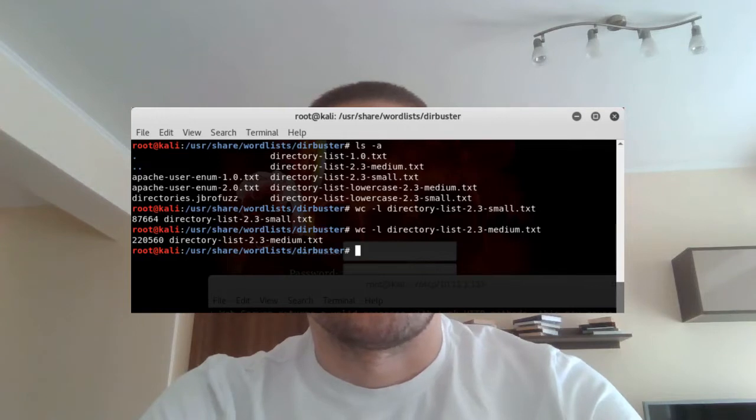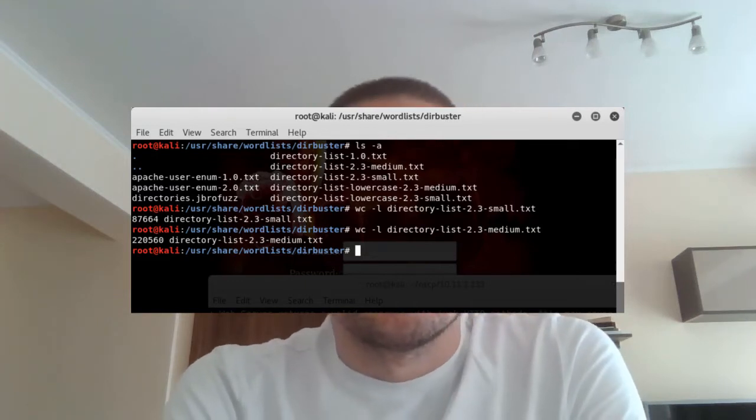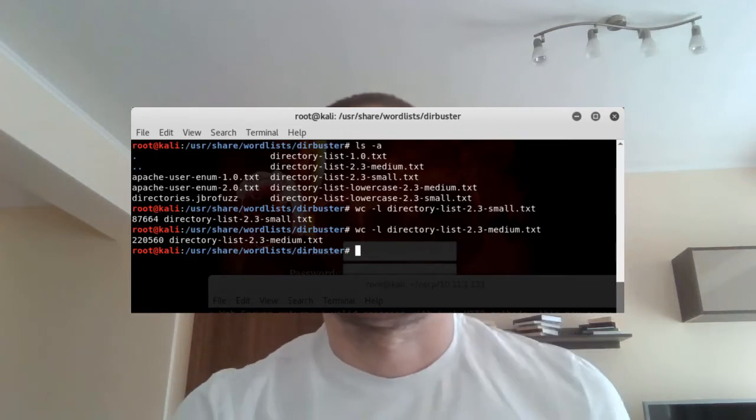One of the things I would do is try larger word lists, such as those located in the DirBuster folder on Kali. Directory lists small and medium are about 80k and 220k words respectively. In some circumstances you could go for directory list big, which is about 1.2 million words, but to be honest I don't recall ever using it. If you need that word list, find the link in the description to download it. Bigger is not always better.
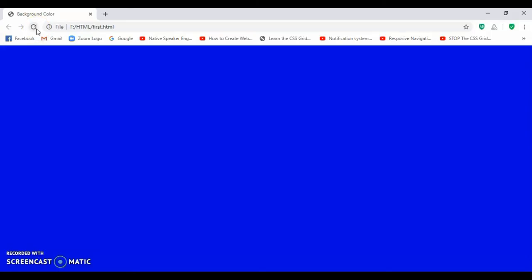In the next video we will learn how we can use the heading tags in our web page. Till then keep watching, keep learning, keep sharing, and subscribe.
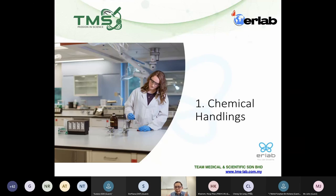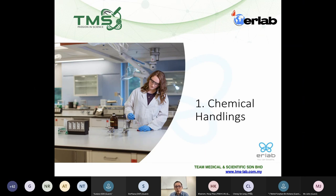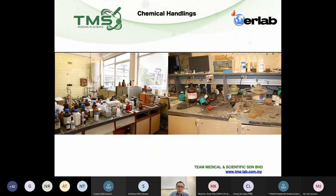Let's talk about the engineering controls that you can use when you handle chemicals. Today we'll talk about two applications: one is chemical handling, and the second one is engineering control for chemical storage.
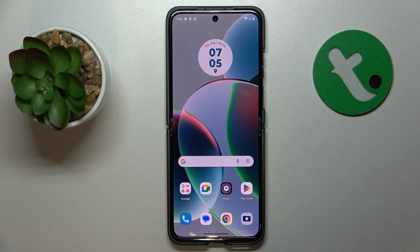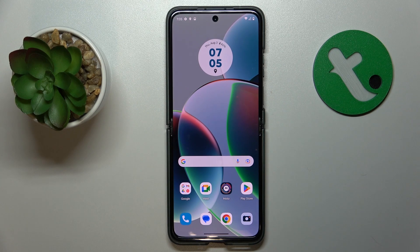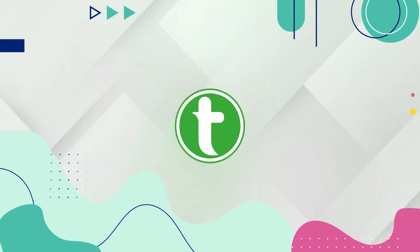Welcome to the Tutorial Info YouTube channel. Today I have the Motorola RAZR 40 in front of me, and in this video I will show how you can extend the random access memory amount on this device.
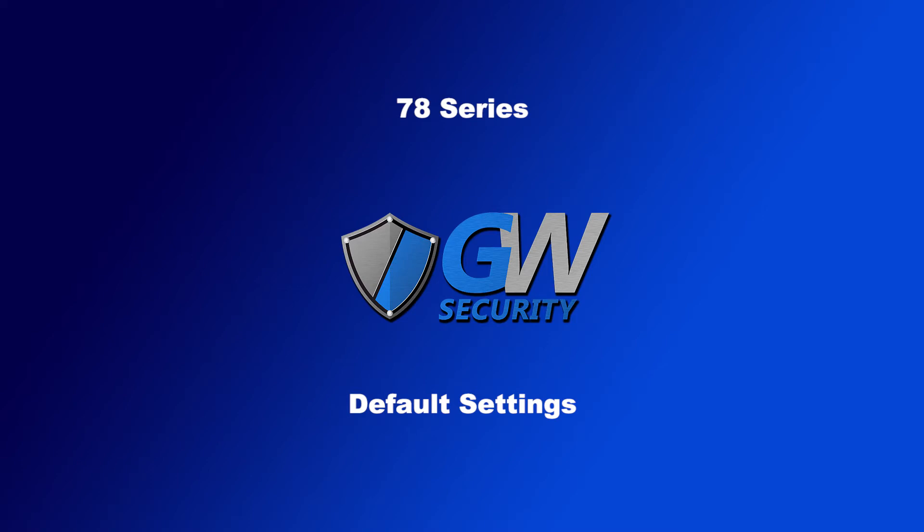This video is going to go over how to do a reset on various aspects of your unit as well as a factory reset.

----------------------------------------

▸ What you are asked to do
The complete material, set down exactly and stripped of pictures, is the expected response.

▸ Solution for this task
One of the things I would do is try larger word lists, such as those located in the DirBuster folder on Kali. Directory lists small and medium are about 80k and 220k words respectively. In some circumstances you could go for directory list big, which is about 1.2 million words, but to be honest I don't recall ever using it. If you need that word list, find the link in the description to download it. Bigger is not always better.
In the next video we will learn how we can use the heading tags in our web page. Till then keep watching, keep learning, keep sharing, and subscribe.
Let's talk about the engineering controls that you can use when you handle chemicals. Today we'll talk about two applications: one is chemical handling, and the second one is engineering control for chemical storage.
Welcome to the Tutorial Info YouTube channel. Today I have the Motorola RAZR 40 in front of me, and in this video I will show how you can extend the random access memory amount on this device.
This video is going to go over how to do a reset on various aspects of your unit as well as a factory reset.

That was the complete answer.